» **The data**
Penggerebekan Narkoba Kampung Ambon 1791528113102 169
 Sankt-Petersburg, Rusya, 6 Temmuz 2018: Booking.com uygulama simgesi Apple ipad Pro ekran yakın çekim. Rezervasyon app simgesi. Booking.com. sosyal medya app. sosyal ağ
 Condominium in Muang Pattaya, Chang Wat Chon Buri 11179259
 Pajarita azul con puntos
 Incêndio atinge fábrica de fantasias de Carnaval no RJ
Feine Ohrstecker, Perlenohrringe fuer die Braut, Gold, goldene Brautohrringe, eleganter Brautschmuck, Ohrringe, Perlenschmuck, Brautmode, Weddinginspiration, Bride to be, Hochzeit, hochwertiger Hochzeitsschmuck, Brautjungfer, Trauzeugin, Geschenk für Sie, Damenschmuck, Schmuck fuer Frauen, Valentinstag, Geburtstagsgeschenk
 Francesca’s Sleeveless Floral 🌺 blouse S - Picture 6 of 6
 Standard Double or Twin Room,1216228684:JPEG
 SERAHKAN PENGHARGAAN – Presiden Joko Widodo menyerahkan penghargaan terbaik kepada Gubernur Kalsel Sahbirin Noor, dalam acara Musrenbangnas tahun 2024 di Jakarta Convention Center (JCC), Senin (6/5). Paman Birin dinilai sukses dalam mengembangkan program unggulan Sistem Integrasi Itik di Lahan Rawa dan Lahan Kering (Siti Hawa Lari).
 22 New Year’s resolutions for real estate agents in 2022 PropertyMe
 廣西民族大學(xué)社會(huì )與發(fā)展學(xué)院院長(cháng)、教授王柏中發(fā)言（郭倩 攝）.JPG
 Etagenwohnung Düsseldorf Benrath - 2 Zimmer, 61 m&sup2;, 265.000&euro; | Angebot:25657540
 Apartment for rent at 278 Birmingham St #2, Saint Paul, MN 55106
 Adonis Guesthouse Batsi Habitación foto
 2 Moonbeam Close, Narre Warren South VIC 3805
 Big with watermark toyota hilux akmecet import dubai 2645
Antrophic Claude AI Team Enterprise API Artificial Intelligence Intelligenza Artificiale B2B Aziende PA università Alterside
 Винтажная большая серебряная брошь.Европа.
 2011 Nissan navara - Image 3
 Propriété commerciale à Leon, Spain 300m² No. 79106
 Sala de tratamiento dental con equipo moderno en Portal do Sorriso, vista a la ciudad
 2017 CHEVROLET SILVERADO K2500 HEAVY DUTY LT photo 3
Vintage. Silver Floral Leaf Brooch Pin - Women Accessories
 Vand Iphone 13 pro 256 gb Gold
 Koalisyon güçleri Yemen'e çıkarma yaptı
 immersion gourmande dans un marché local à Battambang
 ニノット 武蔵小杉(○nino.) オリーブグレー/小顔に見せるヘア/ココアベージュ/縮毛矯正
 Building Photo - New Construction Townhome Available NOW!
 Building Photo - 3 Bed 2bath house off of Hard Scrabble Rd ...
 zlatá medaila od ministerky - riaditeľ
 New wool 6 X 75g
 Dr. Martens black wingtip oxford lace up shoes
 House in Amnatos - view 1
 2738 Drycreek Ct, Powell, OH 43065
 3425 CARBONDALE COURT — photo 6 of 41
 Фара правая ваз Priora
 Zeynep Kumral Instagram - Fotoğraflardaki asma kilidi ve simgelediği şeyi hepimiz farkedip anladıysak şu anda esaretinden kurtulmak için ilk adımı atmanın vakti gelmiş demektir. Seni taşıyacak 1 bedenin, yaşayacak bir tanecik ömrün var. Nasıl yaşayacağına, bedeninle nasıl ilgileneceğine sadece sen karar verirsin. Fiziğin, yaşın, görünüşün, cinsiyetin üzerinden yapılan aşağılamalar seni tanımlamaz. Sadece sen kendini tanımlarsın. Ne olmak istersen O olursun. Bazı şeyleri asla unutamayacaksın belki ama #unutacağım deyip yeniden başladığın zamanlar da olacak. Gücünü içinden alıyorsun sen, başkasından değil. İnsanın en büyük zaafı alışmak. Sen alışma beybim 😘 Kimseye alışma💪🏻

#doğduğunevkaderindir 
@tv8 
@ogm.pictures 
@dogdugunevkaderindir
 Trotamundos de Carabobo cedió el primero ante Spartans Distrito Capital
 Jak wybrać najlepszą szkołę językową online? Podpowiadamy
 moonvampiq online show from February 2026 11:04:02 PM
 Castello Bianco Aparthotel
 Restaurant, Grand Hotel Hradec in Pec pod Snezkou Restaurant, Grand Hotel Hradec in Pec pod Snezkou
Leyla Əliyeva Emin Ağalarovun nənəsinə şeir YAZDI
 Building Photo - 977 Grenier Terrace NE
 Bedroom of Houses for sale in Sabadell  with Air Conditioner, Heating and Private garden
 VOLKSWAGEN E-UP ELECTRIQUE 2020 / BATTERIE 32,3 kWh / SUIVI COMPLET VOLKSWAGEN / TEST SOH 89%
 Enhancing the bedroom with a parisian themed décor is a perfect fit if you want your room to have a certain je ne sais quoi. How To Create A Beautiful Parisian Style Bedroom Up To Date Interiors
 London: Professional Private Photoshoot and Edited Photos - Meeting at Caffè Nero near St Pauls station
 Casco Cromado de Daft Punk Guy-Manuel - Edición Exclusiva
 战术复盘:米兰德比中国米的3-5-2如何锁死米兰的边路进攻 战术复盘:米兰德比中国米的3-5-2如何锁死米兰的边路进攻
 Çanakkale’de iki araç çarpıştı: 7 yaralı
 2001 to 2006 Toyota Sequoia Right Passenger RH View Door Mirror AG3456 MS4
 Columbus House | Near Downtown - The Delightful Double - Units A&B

» **Task objective**
Say how many lines of the preceding data include the word "Gold". The number is the whole answer.

» **Answer to this problem**
2